[BioPython] bioperl idl

Sun, 03 Oct 1999 22:59:06 -0600

Sorry all, I've been working on (gasp!) work stuff and haven't had much
time for biopython.org.  You'll be getting a slew of emails as I try
to catch up this evening.  There might also be repeats since I've forgotten
what I've said before.

Ewan:
> actually in bioperl I am using moltype. (molecular type).

I may have mentioned this before.  I would prefer seqtype to moltype, since
there are other types of molecules (water, carbohydrates, lipids) which
may be important.

> I think this is pretty good. I was thinking of something similar. It is
> just that Comments in most bioinformatics databases are best represented
> as a list of strings, each string a line. This is the natural way to
> process them. Is 
> 
> sequence <string> comments
> string mime_type
> 
> so bad?

Yes, because the client has to determine what to do to merge multiple lines.
Should they always be merged with a newline added?  Or without?  Some
file formats mandate the newline seperator character (eg, rfc822 email)
while some do not, so the process of merging is related to the content-type,
and there must be agreement between the client and server.  So I think it
is better to put everything in one string, since then the parser for the
mime type is the sole arbitor of what to do.

But considering your case, where you have a set of lines from a data file,
there's also the problem where extra "2D" information is added to the text
because of the known representation in a given file format.  For example,
I've seen ASCII drawings of chemical structures placed in comment strings,
which make it more understandable if looking at the presentation in the
original format, but not something which can be understood without
preserving the order.

Still, it can be parsed and sent back as a string (perhaps not text/plain,
given the newline considerations?) in such a way as to get the same information,
so my reverse question is, is mergeing the set of strings
into one string so bad?

> I'm just not trying to be super clever. Perhaps one should have
> 
> DBxREF {
>   string URN;
>   string database;
>   string primary_key;
> };

Jeff Chang pointed out URIs in one of his reponses.  They define
the generic syntactic description for which URLs and URNs work.  I
haven't thought about this much over the last two years, though I
read the RFC he pointed out.  My thought was to have a well defined
means to have the database + primary_key be expressed in the URI.
For example:
  genbank:/locus/dmu66884
  genbank:/accession/u66884
  prosite:/accession/PS00365

and above that have a restriction that "accession" or "primary_key"
or something is always the primary key, which could be an alias for
searching on the "ac" or whatever fields.

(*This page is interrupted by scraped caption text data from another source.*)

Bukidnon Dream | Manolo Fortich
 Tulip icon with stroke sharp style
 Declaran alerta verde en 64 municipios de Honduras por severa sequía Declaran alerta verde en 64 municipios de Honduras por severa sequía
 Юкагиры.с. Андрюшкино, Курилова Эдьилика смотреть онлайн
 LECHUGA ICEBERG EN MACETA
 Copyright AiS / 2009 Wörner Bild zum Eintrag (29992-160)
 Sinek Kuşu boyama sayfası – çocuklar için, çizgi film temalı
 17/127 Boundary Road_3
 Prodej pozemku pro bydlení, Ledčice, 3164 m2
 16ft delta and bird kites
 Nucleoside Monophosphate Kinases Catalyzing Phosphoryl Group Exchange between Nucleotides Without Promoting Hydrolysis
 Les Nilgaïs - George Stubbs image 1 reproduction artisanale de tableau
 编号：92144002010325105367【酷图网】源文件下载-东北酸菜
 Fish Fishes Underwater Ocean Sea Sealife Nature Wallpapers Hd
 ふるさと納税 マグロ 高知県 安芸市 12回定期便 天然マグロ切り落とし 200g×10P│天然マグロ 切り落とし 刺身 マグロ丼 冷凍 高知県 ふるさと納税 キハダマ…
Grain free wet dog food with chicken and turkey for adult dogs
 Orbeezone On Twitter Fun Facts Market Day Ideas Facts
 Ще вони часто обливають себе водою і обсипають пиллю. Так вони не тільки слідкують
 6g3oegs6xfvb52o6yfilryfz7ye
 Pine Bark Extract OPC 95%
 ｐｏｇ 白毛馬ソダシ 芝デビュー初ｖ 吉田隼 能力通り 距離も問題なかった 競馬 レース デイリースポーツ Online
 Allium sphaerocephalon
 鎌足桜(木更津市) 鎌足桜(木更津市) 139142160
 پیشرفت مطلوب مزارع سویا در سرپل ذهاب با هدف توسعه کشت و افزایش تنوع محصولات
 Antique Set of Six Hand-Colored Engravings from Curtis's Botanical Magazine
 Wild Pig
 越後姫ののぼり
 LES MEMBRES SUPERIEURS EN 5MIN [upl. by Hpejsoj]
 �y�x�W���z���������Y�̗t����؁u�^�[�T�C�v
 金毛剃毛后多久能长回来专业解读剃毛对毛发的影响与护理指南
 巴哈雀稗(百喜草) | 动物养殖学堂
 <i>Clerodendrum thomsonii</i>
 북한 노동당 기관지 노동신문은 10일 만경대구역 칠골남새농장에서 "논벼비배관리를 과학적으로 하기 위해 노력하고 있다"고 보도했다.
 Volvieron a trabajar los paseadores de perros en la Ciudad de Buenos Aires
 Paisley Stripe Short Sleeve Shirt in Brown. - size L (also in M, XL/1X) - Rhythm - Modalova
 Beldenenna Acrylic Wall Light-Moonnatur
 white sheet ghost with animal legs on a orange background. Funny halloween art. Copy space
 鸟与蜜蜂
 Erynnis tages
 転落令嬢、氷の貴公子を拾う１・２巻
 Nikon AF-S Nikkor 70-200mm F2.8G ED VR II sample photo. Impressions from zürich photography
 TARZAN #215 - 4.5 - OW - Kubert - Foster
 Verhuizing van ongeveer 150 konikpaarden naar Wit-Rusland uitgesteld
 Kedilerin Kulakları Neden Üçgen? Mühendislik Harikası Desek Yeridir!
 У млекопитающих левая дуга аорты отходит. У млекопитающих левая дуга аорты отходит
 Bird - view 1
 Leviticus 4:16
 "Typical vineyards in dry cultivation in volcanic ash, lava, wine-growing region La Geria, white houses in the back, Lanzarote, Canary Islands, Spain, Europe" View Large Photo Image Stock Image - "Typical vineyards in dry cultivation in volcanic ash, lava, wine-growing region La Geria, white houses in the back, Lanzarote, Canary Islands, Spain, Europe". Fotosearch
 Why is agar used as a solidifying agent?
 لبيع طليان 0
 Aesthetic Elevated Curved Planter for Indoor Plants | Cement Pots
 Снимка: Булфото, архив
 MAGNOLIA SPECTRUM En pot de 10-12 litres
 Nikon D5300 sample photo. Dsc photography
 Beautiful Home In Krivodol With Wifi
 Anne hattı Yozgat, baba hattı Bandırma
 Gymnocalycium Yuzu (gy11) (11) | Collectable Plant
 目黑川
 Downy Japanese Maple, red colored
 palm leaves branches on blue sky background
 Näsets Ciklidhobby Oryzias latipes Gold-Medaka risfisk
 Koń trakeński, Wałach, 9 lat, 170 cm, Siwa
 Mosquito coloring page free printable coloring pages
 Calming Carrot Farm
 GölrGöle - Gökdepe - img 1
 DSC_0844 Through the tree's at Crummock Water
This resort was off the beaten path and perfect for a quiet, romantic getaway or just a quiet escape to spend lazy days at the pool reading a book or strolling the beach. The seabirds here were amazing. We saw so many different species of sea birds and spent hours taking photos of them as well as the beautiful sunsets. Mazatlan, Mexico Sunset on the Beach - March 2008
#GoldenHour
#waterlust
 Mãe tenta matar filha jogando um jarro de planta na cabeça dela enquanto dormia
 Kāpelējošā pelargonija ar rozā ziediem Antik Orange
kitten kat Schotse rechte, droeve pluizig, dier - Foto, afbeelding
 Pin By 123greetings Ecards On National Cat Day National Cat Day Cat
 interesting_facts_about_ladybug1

As it turns out, we needed a facility for this on our local systems,
where we have data on flat files or on a database.  We tried out
saying something like:
  repository:/path/to/data/
  oracle:/way/to/get/oracle/data

and it seems to work.

Jeff said:
> I don't know if URI's will take off.  However, in XML, URI's are the
> preferred way to reference external information that's either
> inappropriate to reproduce or hard to encode (binary data).

I looked at that for a tiny little bit, but got confused quickly because
most of the pages I found were how URIs are used for namespaces.   I
can see the relationship, but there's probably something deeper on how
they use it then I've figured out yet.

						Andrew
						dalke@acm.org